Scholars such as Seekings have helped us to understand the structural outcomes of race. Using regression analysis he shows how it is possible to distinguish between different kinds of effects when individuals experience discrimination. Class effects stand out from race effects. This is a structural analysis.

How structures land and are acted upon by the social agents themselves is another matter. We don’t see how people who are identified as victims, people of colour, black people, women, and others work with, manage and engage the conditions in which they find themselves.

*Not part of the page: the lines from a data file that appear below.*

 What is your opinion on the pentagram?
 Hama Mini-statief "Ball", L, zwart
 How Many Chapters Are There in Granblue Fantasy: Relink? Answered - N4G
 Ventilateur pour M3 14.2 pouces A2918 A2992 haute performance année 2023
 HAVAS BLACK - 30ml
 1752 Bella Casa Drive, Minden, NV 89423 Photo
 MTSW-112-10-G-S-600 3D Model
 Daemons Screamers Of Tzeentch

It is here that the discussion in South Africa, and globally, awaits further engagement. We can begin to say that we are able to locate some of the material and physical dimensions of the pain of poverty and inequality that are being expressed in South Africa. But with our current understandings of the situation, we would have some challenges in how we would take the discussion further.

These challenges present themselves most clearly in the languages, modes of description and analyses that we have at our disposal. We need to understand how material effects, the economy, and the ideological in its full psychological effects, impair eventualities and specifically the ways in which self-doubt debilitates decision-making, produces risk-aversion and incapacity. We must also understand the ways in which it stimulates agency, the decision to psychically and cognitively engage with the complexity of the forces of subordination. Black South Africans have borne the brunt of complex processes of subordination over hundreds of years.

As a space in which the realities of one’s biological sex, one’s socially constructed gender identity and sexuality preferences come together to produce position, hierarchy and a sense of inclusion and exclusion, it is crucial. Race may be the country’s urgent issue now. We have barely, however, scratched the surface of the complexity of gender and the deep ways that its structural and psychic elements not just position South Africans but also interpolate them and condition and animate their subordination and agency. How it comes to entrench the conditions which perpetuate poverty and inequality but also produces opportunities for people to take control of their lives, signals the urgency of new and important work which has to be done.

Acknowledging the imperative to address poverty and inequality through an intersectional lens, has major implications for social science and humanities research. Such research will have to deliberately and purposefully link up with economic and political analyses. A great deal more empirical work is required to take the analysis further. However, the imperative of an intersectional approach also applies to the other leading research institutions and initiatives, both at universities and independent research institutions.

A cooperative approach and shared mining of research evidence calls for joint research ventures, sharing the pool of scholars, expanding this pool by delivering high-quality graduates and interns, and shared platforms. Lastly, such partnerships go far beyond academia.

The South African state – and particularly the current leadership – recognises its responsibilities for addressing poverty and inequality in a comprehensive way. Let this become visible in partnerships around policymaking and implementation where social science and humanities research provides necessary and relevant evidence and models for policy making and implementation, that is where researchers and policymakers become partners.

Finally, are we not first of all dealing with our society at large, human beings in all their rich variety? Let us then do everything to ensure that whatever contribution we make towards equality and shared wealth, provides for the complexities and varieties in this important country and its people. DM

Prof Crain Soudien is the CEO of the Human Sciences Research Council.